Just after the first branch in Ambato opened in 1969, members from Ambato, Otavalo, and Quito Branches gathered together to hear from Elder Gordon B. Hinckley of the Quorum of the Twelve Apostles at a district conference. Despite residing hours apart from each other, new members felt a strong sense of connection to one another and formed friendships. Afterward, Relief Society sisters planned activities and service projects to enhance the conferences, and Latter-day Saints grew increasingly close.
A short time later, tragedy struck in the Ambato Branch. While a mother and her children attended a youth activity, her husband and the family’s uncle were attacked at home and left for dead by robbers. The uncle died of injuries sustained during the attack, and the robbers ran off with possessions including the family’s wardrobe.

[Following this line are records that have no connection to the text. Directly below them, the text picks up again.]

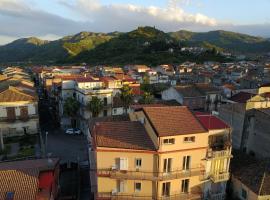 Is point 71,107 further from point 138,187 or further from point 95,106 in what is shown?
point 138,187

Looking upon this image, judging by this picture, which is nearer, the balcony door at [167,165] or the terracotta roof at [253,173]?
the balcony door at [167,165]

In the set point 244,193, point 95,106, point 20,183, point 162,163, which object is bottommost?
point 244,193

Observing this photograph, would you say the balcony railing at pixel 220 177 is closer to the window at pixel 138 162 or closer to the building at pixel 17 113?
the window at pixel 138 162

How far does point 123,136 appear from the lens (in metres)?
29.9

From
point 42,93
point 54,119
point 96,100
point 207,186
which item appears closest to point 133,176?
point 207,186

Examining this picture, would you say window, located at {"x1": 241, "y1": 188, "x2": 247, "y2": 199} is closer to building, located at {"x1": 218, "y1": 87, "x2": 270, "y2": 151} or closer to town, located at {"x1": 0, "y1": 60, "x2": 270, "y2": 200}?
town, located at {"x1": 0, "y1": 60, "x2": 270, "y2": 200}

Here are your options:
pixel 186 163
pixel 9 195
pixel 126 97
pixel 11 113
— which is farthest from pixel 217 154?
pixel 11 113

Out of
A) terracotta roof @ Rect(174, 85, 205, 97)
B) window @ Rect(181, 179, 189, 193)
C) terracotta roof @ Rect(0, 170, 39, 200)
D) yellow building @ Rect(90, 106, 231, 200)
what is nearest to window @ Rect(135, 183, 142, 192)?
yellow building @ Rect(90, 106, 231, 200)

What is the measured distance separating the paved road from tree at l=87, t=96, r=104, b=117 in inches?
222

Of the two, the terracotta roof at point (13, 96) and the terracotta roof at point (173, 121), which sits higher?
the terracotta roof at point (173, 121)

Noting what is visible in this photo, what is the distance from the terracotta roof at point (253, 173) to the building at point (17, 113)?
3946cm

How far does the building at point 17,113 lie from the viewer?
182ft

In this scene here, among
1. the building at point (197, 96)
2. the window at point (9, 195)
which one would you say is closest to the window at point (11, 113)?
the window at point (9, 195)

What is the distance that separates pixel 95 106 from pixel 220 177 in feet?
101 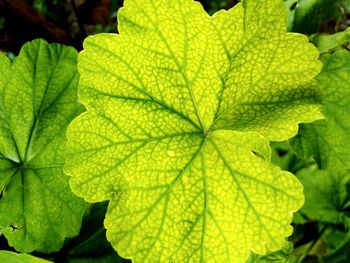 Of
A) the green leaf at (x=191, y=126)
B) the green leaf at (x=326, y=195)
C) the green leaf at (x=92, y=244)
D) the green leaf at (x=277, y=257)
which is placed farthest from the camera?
the green leaf at (x=326, y=195)

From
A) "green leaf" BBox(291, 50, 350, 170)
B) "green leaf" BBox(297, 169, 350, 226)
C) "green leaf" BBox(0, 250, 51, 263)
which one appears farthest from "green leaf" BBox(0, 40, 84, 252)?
"green leaf" BBox(297, 169, 350, 226)

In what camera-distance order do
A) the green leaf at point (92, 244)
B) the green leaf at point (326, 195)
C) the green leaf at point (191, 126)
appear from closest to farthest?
the green leaf at point (191, 126)
the green leaf at point (92, 244)
the green leaf at point (326, 195)

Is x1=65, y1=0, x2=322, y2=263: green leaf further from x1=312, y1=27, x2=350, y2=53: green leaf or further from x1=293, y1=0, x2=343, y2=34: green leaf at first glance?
x1=293, y1=0, x2=343, y2=34: green leaf

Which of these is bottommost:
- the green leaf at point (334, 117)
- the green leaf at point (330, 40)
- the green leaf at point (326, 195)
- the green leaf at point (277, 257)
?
the green leaf at point (326, 195)

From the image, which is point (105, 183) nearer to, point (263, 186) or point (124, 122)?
point (124, 122)

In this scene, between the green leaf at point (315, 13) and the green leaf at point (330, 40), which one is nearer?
the green leaf at point (330, 40)

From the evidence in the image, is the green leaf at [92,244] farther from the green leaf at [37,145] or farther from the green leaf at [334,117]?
the green leaf at [334,117]

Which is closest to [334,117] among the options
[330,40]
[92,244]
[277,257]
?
[330,40]

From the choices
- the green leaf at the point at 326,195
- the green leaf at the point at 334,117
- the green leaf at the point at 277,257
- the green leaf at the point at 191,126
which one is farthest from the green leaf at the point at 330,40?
the green leaf at the point at 326,195
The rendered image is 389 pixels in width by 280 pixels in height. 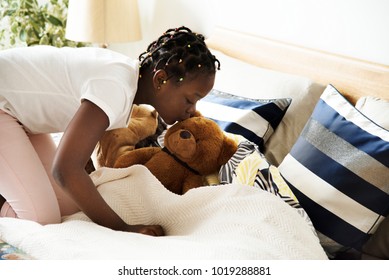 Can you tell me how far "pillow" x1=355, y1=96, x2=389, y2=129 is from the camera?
156 centimetres

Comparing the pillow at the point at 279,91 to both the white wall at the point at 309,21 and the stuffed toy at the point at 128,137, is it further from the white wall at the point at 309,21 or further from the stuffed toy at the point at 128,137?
the stuffed toy at the point at 128,137

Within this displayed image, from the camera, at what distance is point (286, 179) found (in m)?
1.64

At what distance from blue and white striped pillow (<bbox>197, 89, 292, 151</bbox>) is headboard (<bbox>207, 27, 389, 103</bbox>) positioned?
0.19 m

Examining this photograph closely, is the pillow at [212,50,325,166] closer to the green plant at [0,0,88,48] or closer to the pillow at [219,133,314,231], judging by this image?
the pillow at [219,133,314,231]

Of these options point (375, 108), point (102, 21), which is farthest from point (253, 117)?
point (102, 21)

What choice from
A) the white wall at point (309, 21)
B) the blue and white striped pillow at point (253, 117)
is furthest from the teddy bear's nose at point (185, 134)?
the white wall at point (309, 21)

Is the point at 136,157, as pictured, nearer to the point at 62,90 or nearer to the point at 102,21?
the point at 62,90

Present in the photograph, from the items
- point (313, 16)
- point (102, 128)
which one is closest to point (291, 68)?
point (313, 16)

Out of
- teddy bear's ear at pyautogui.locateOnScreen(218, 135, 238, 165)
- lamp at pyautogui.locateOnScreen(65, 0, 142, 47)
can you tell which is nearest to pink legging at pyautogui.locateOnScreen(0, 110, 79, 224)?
teddy bear's ear at pyautogui.locateOnScreen(218, 135, 238, 165)

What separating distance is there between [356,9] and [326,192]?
729mm

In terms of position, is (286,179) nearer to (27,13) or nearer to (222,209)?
(222,209)

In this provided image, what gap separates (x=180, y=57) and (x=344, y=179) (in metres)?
0.56

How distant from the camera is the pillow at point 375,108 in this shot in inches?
61.6

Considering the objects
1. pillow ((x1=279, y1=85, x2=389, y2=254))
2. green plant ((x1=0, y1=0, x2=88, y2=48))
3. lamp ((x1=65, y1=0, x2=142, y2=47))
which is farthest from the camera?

As soon as they heard the news, Church members in Quito, 150 kilometers away (about 93 miles), coordinated a relief drive, collecting clothes and money. “With this help,” a branch secretary recorded, “the [family] has not had to suffer temporal need.”
The same spirit of concern for fellow Saints, in good and hard times, spread around the country. Branch members in Guayaquil, Ecuador’s largest city, and in Quevedo frequently hosted activities, from dances and Relief Society bazaars to group family home evening programs. Before long, the growing community of Latter-day Saints gained a positive reputation among their neighbors, who often worked through poverty. “Many times, the label of ‘Mormon’ will open doors,” Claudina Valarezo of Guayaquil observed, “because of the Mormons’ reputation for honesty and moral principles.”
By 1975 leaders in Quevedo noticed more than 90 percent of new members had been introduced to the Church because of direct invitations, particularly to join in family home evening activities.